◆ What the task requires ◆
Once you reach the line with "Volkswagen Tiguan - фото 4" below, copy each line exactly, stopping after the line with "中古　イタリア高級家具　ロコ", and skip any pictures.

◆ The input ◆

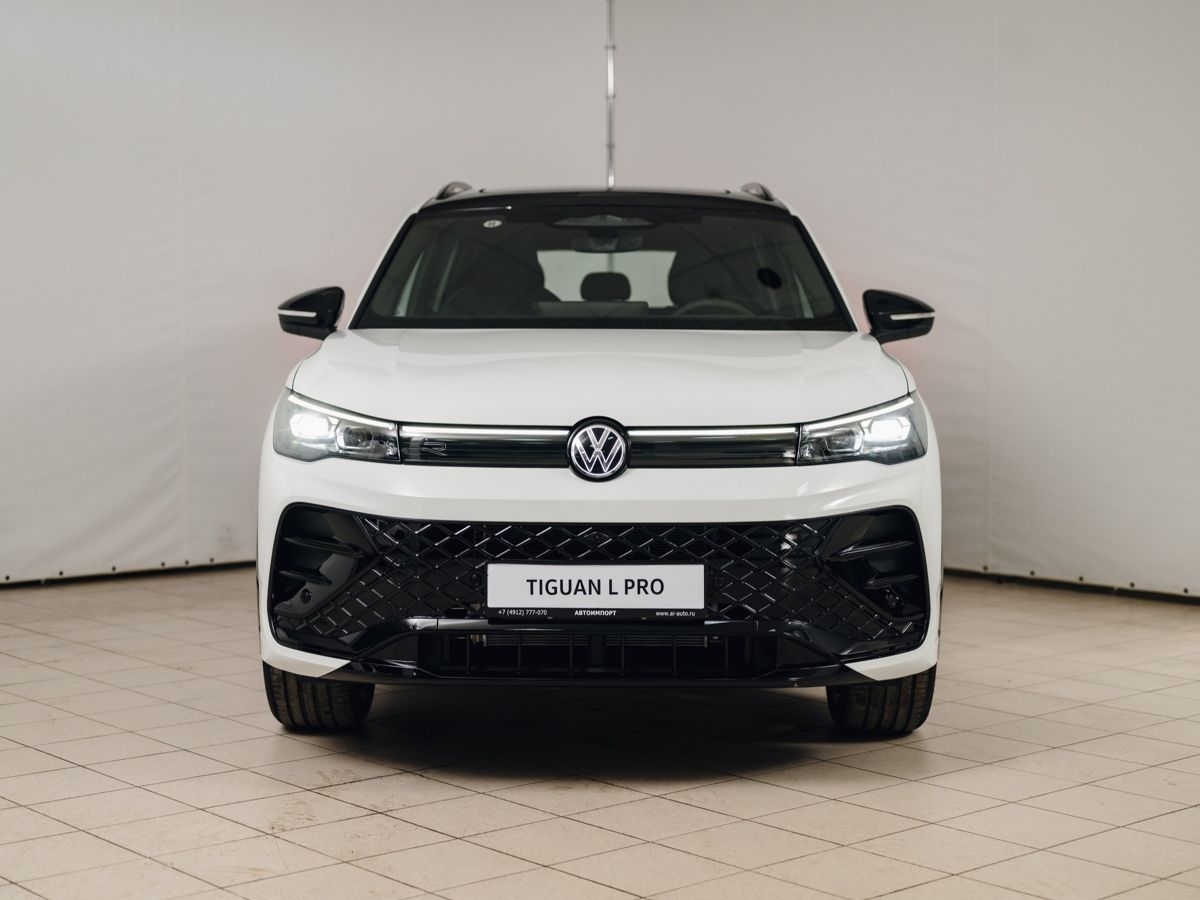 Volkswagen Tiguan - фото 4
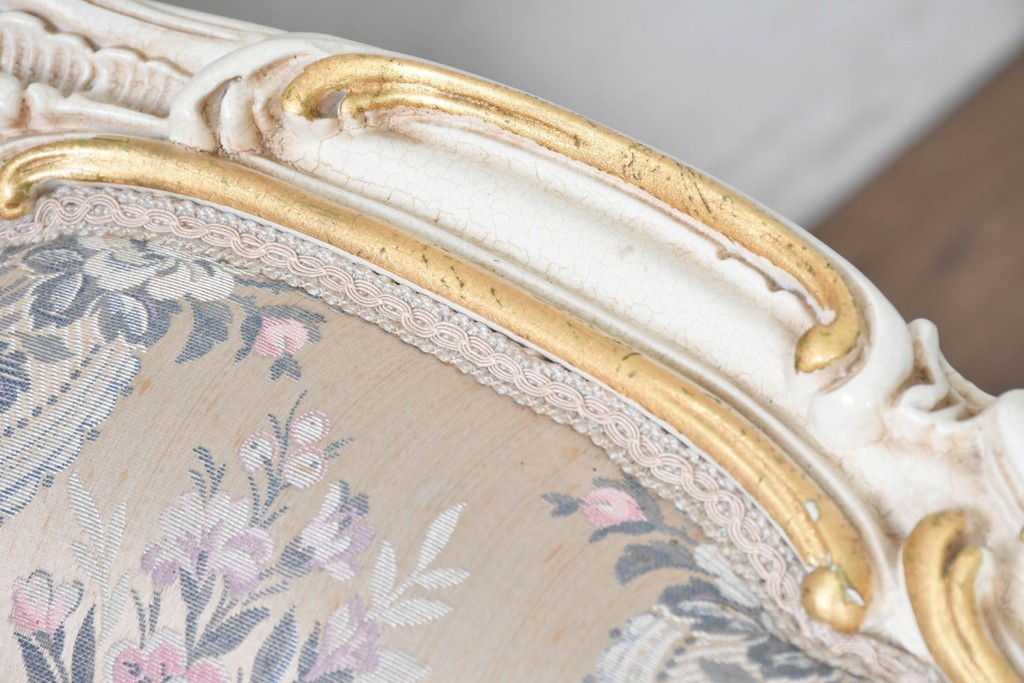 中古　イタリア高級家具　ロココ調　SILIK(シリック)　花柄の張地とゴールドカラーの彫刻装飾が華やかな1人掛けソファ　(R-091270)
==
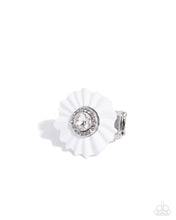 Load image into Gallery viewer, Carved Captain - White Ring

◆ Answer section ◆
 Volkswagen Tiguan - фото 4
 中古　イタリア高級家具　ロココ調　SILIK(シリック)　花柄の張地とゴールドカラーの彫刻装飾が華やかな1人掛けソファ　(R-091270)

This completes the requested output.